As for the rest of Divine, Filipowski plans more acquisitions, particularly in the services area.
"There`s only a few steps left in the product areas," Filipowski said. "We had no more than a
dozen mapped, but I don`t think there will ever be a time when anything will be completed.
We`re looking to expand professional services and looking for additional found items in
managed applications."

Filipowski seems to have more of a focused strategy this time around than when he built
Platinum. He said he also has a clearer vision of where the acquired companies will fit with the
new company, something that often took months to determine at Platinum, which had
applications in a number of areas, including data warehousing and analysis, database
performance, metadata management, and systems and network management.

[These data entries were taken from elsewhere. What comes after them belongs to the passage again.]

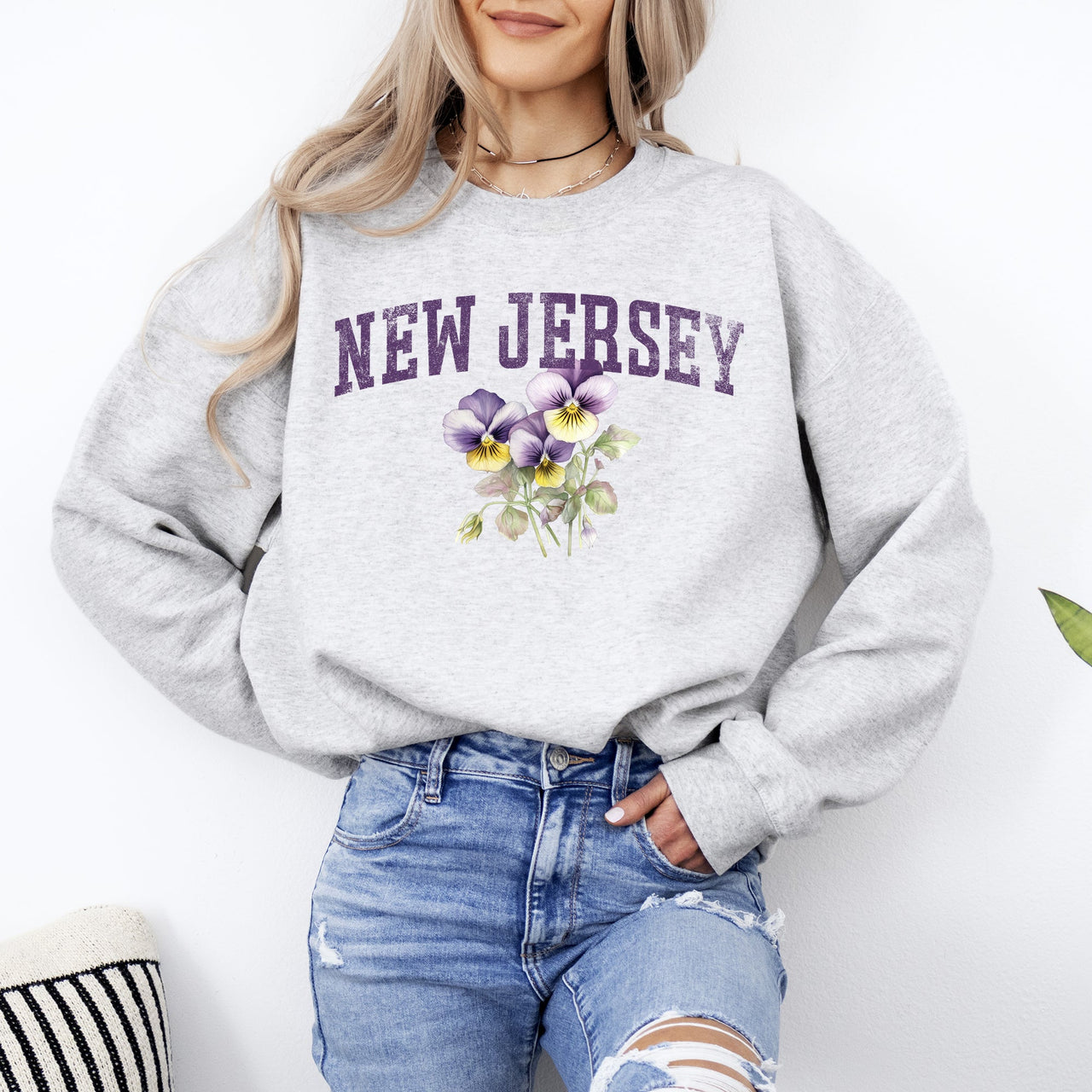 New Jersey State Flower Emblem Illustration Garden State Pride Graphic Sweatshirt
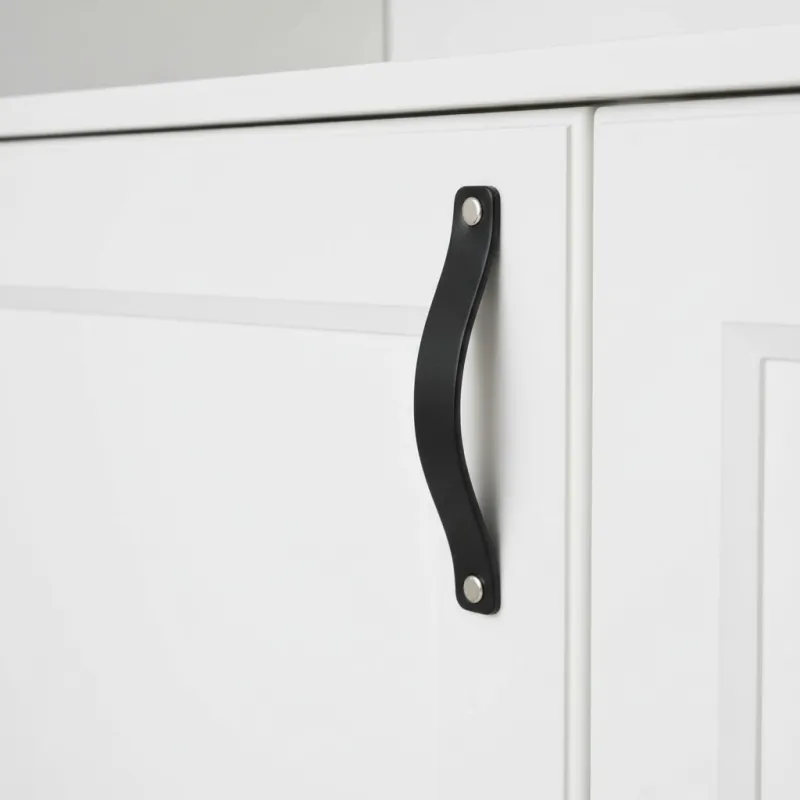 Kožna ručka DOLCE / Crna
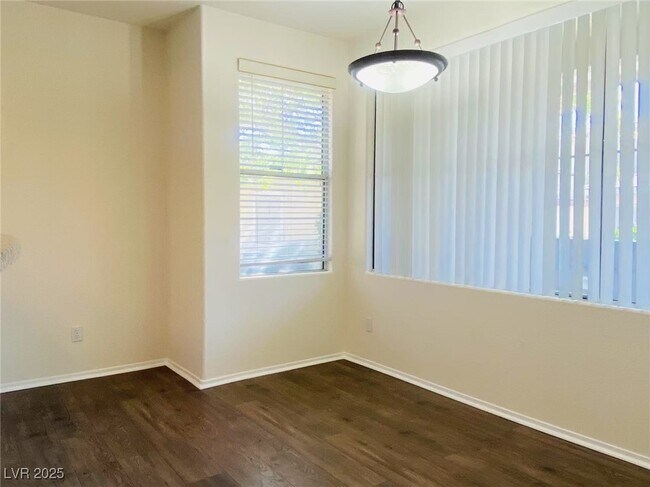 Building Photo - 908 Duckhorn Ct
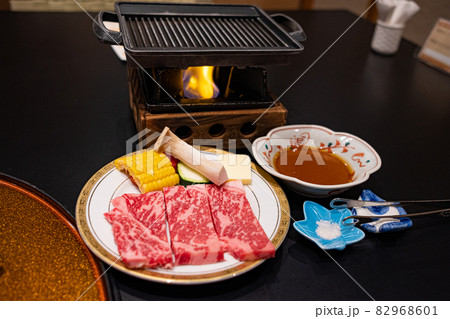 焼き肉 鉄板焼き 焼き肉 鉄板焼き 82968601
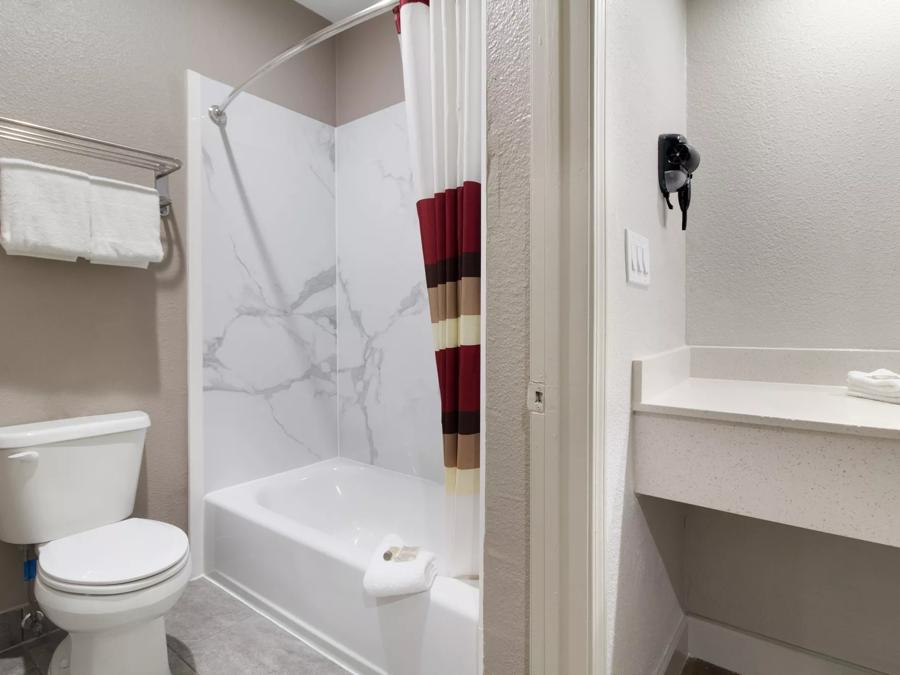 Red Roof Inn Galveston - Beachfront Premium King Smoke Free Bathroom Image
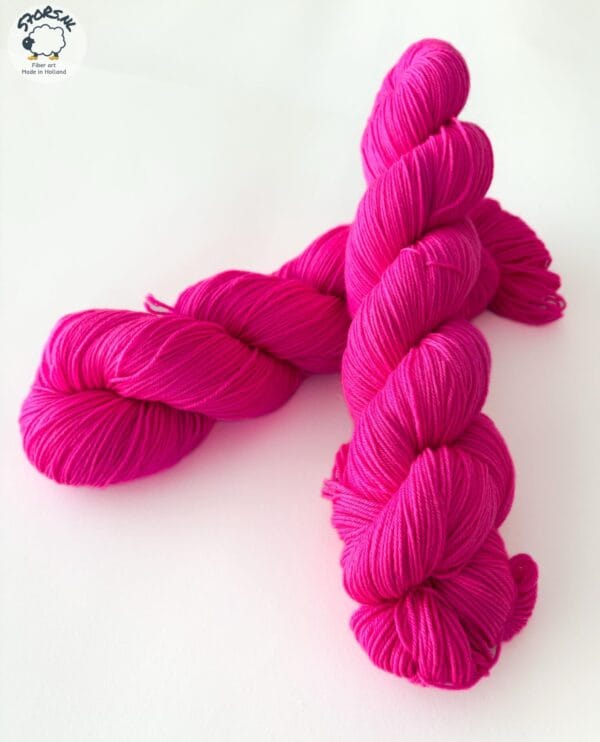 il_fullxfull.6765152189_6mt4.jpg Semi solid superwash Merino garen. Neon roze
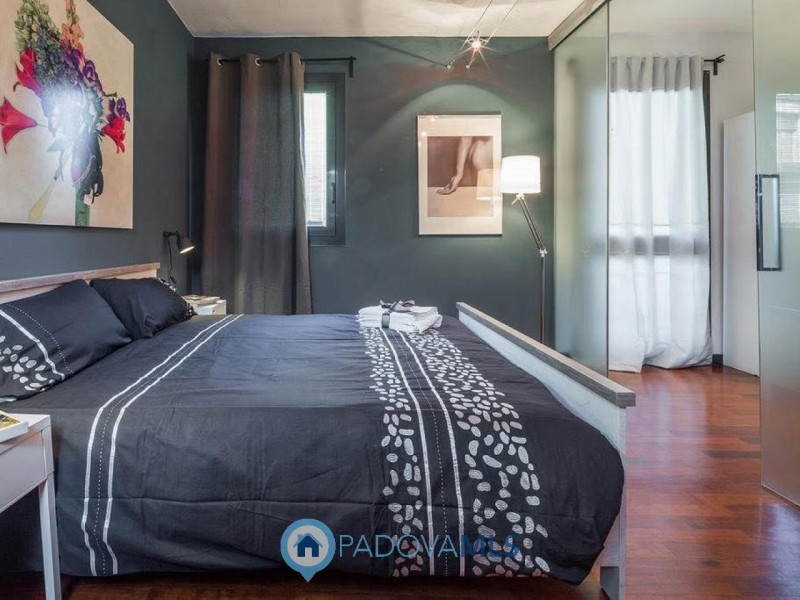 Immobile in esclusiva al Gruppo Padova MLS
OTTIMA CASA SINGOLA SU DUE LIVELLI CON GIARDINO PRIVAT...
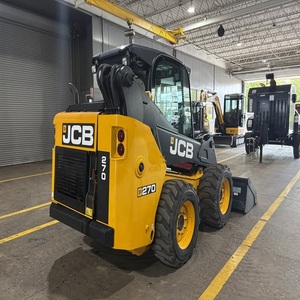 Chargeuse compacte JCB haute performance avec une construction robuste, un système hydraulique performant et des accessoires polyvalents pour le travail - Product Image 4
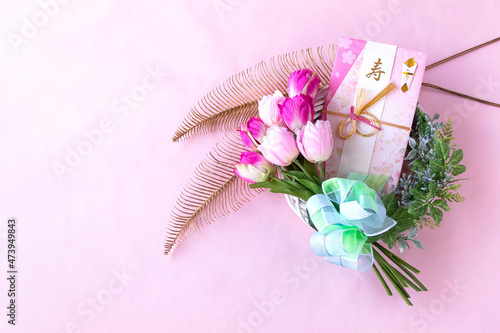 Fototapeta Naklejka Na Ścianę i Meble -  結婚祝いと金色の葉とピンクとベビーピンクのチューリップのリース（ピンクバック）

Platinum had nearly $1 billion in revenues but had recorded net losses for five years straight
when Computer Associates International Inc. bought it in June 1999. Still, CA paid a staggering
$3.5 billion in cash for the company.

Open Market software user Brian Whitehead was encouraged that the company had been
bought but said that its financial position was still short of where he would like to see it.

Whitehead, vice president and chief technical architect at the Standard & Poor`s division of The
McGraw-Hill Cos., said Divine could bring some partnership opportunities to his own company,
which could provide content for Divine`s portal offerings. But he has some reservations about
Divine as well.

"There`s some concern as to whether they`ll truly integrate their products. With Platinum, they
never really did," said Whitehead, in New York. He is also waiting to see if Divine will be more
than just an Internet holding company. "I`m aware of Flip`s track record," he said.

All the applications Divine has acquired to date are built on the Java 2 Enterprise Edition
application framework and .Net, which should make integration of the different applications
easier, Filipowski said.

Filipowski said he doesn`t expect other companies that started out as venture capitals to take
Divine`s approach. Still, he said what his company is doing is hardly new. "There were 22,000
car companies; now there`s three. There were 500 PC companies; now there`s five. This is a
continuation of what happens in every economic cycle on the downside of the market,"
Filipowski said. "It`s what the Vanderbilts did with the railroads, the Rockefellers with oil, the
Morgans with the financial industry."